**Action item**
All records below are to be repeated exactly, with the pictures left out.

Start of Block

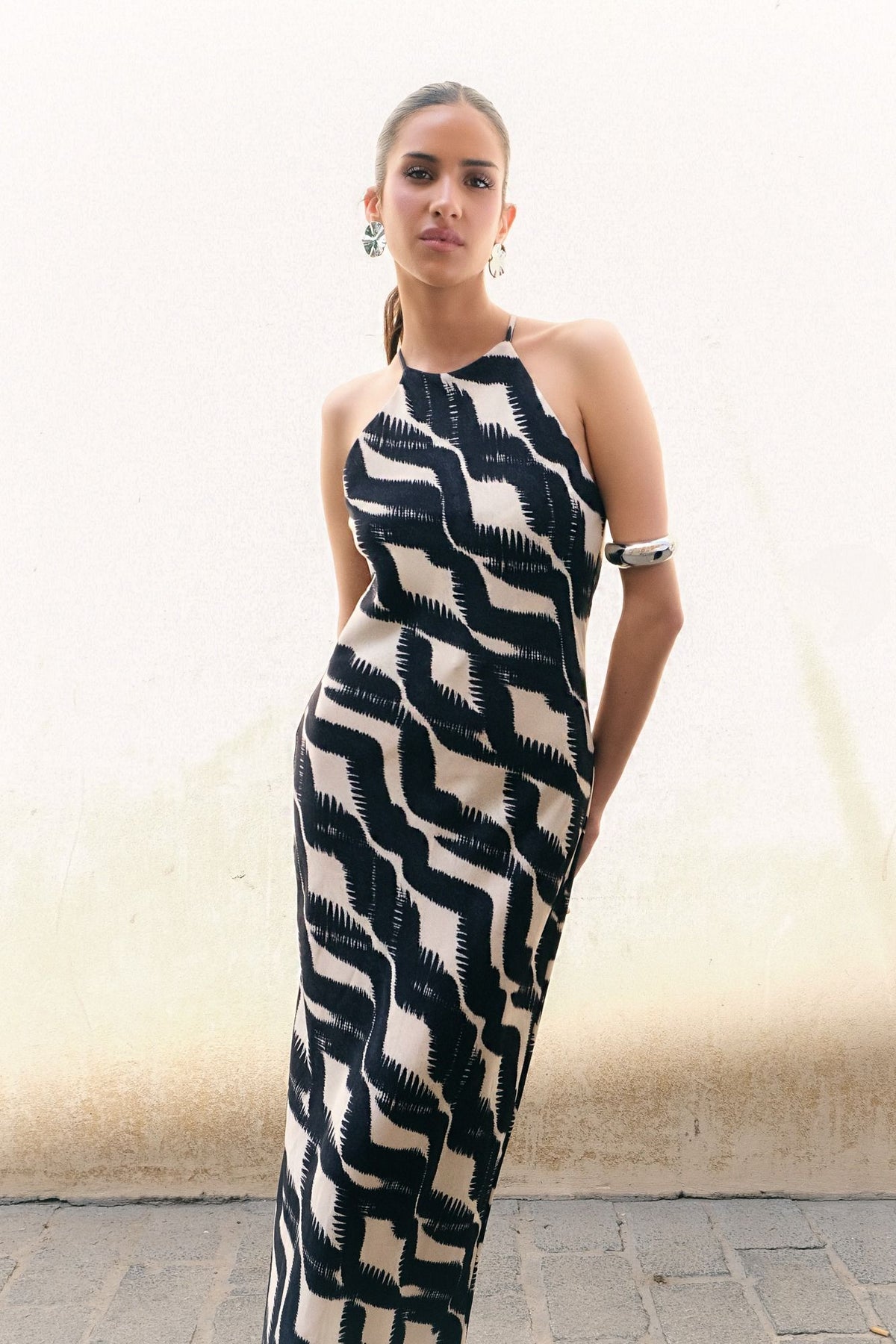 Vestido midi halter estampado, fotografia 7 de 8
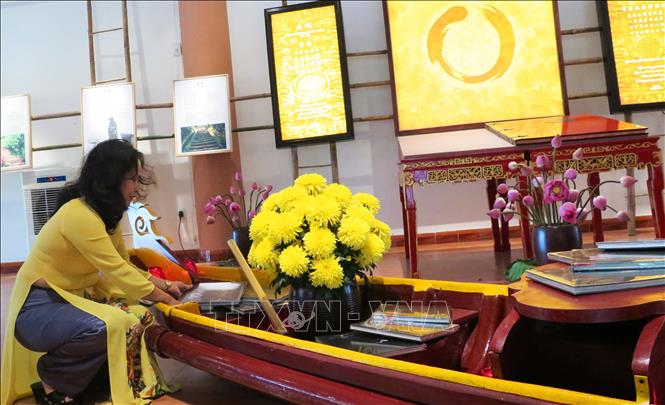 Trưng bày 2 bộ tuyển tập thơ thiền. Ảnh: Tường Vi - TTXVN
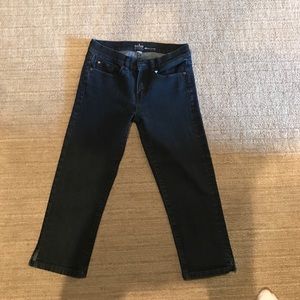 New York and Company capris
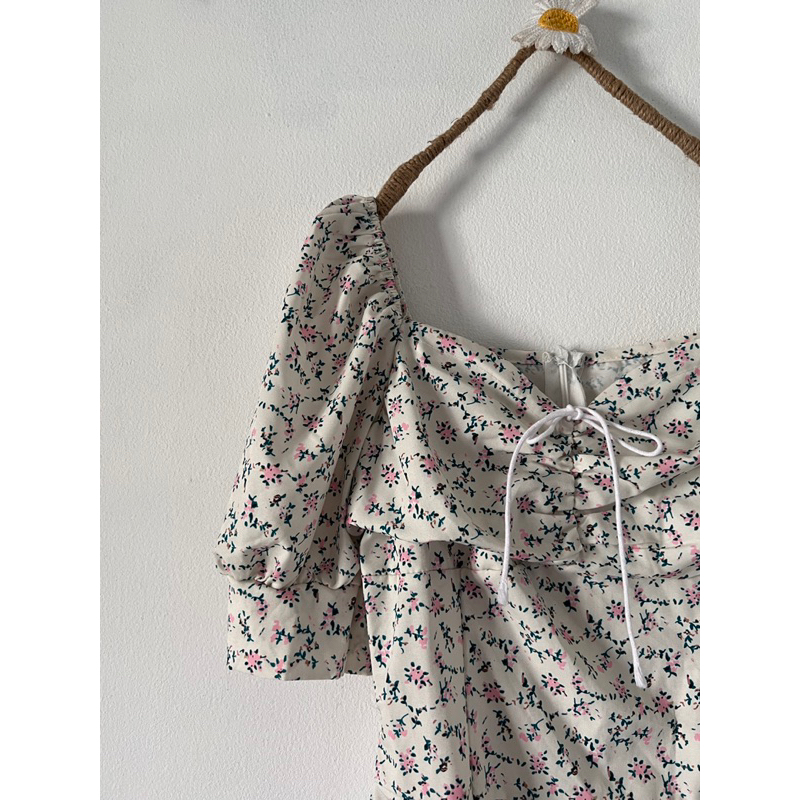 H1313 váy hoa nhí mặc hè size S M 2hand
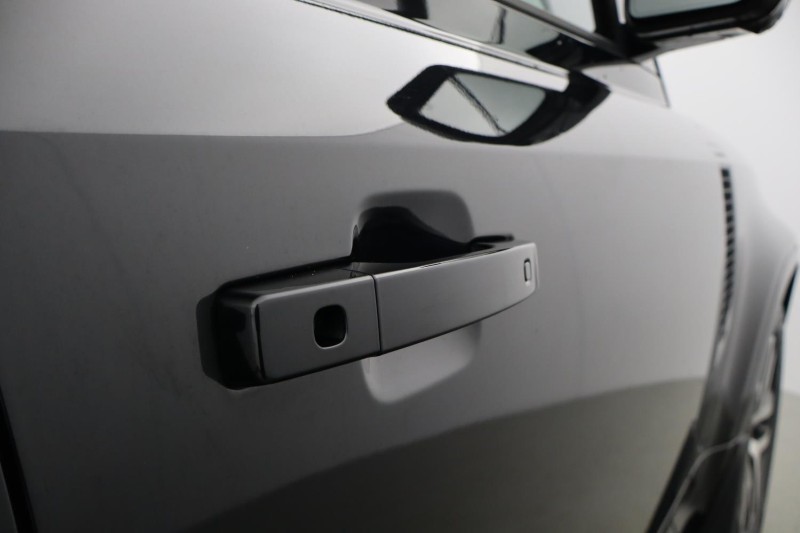 Used Land Rover Defender 2024 for sale - 78025619: Photo 36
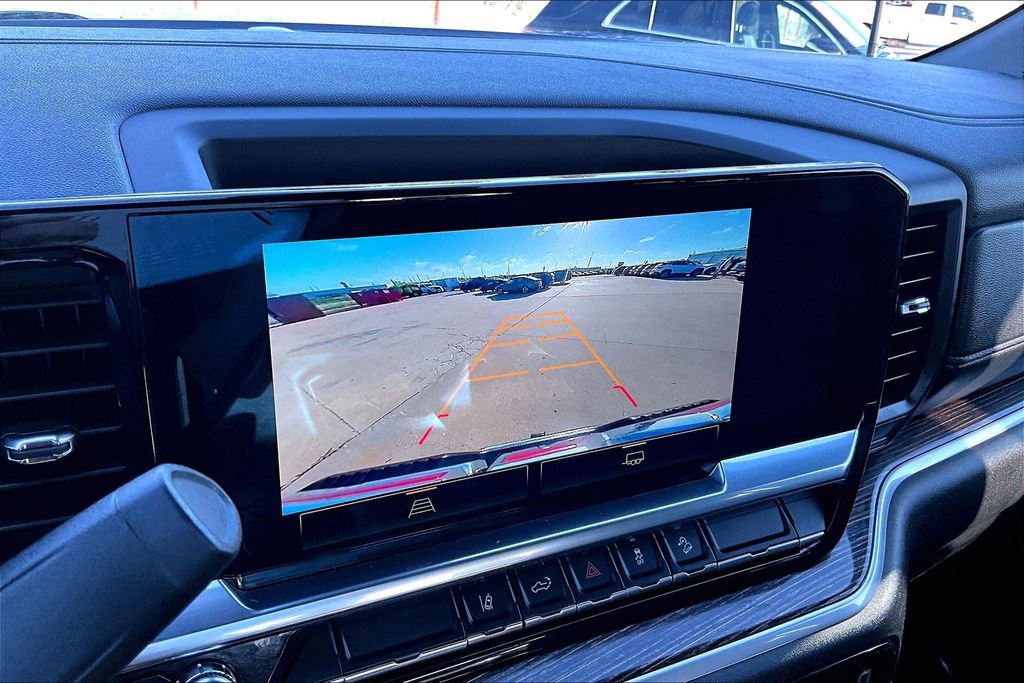 Used 2024 GMC Sierra 2500 SLE w/ SLE Convenience Package image 28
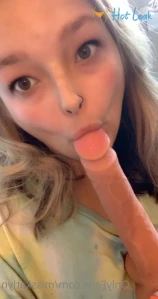2883392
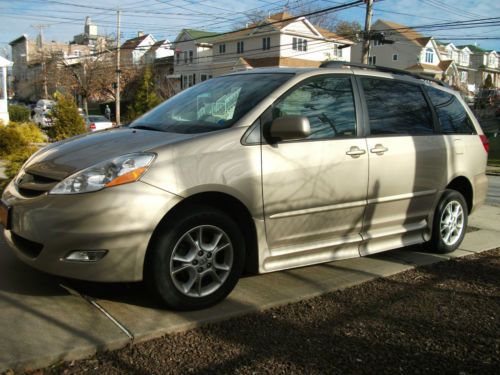 Toyota sienna xle with automatic braun side ramp great condition low miles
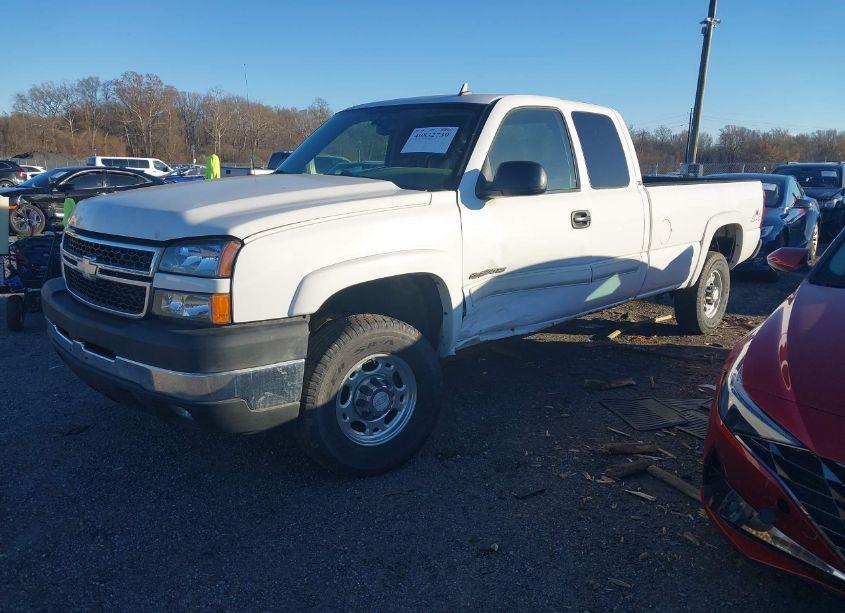 Photo 2 of 2007 Chevrolet Silverado 2500HD CLASSIC LT1 (VIN 1GCHK29U67E187949)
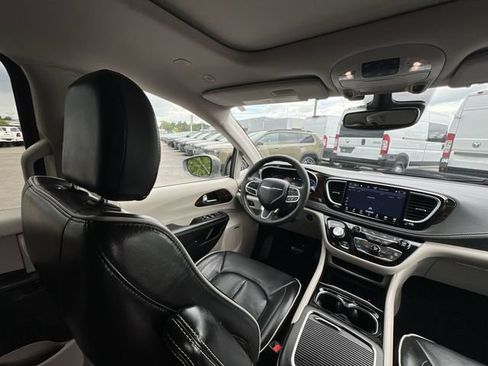 Used 2022 Chrysler Pacifica Limited FWD image 17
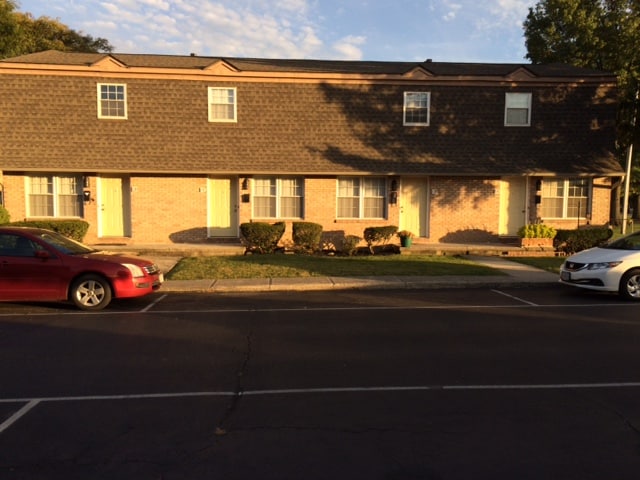 Photo - 270 Stocksdale Dr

End of Block

**Task response**
 Vestido midi halter estampado, fotografia 7 de 8
 Trưng bày 2 bộ tuyển tập thơ thiền. Ảnh: Tường Vi - TTXVN
 New York and Company capris
 H1313 váy hoa nhí mặc hè size S M 2hand
 Used Land Rover Defender 2024 for sale - 78025619: Photo 36
 Used 2024 GMC Sierra 2500 SLE w/ SLE Convenience Package image 28
2883392
 Toyota sienna xle with automatic braun side ramp great condition low miles
 Photo 2 of 2007 Chevrolet Silverado 2500HD CLASSIC LT1 (VIN 1GCHK29U67E187949)
 Used 2022 Chrysler Pacifica Limited FWD image 17
 Photo - 270 Stocksdale Dr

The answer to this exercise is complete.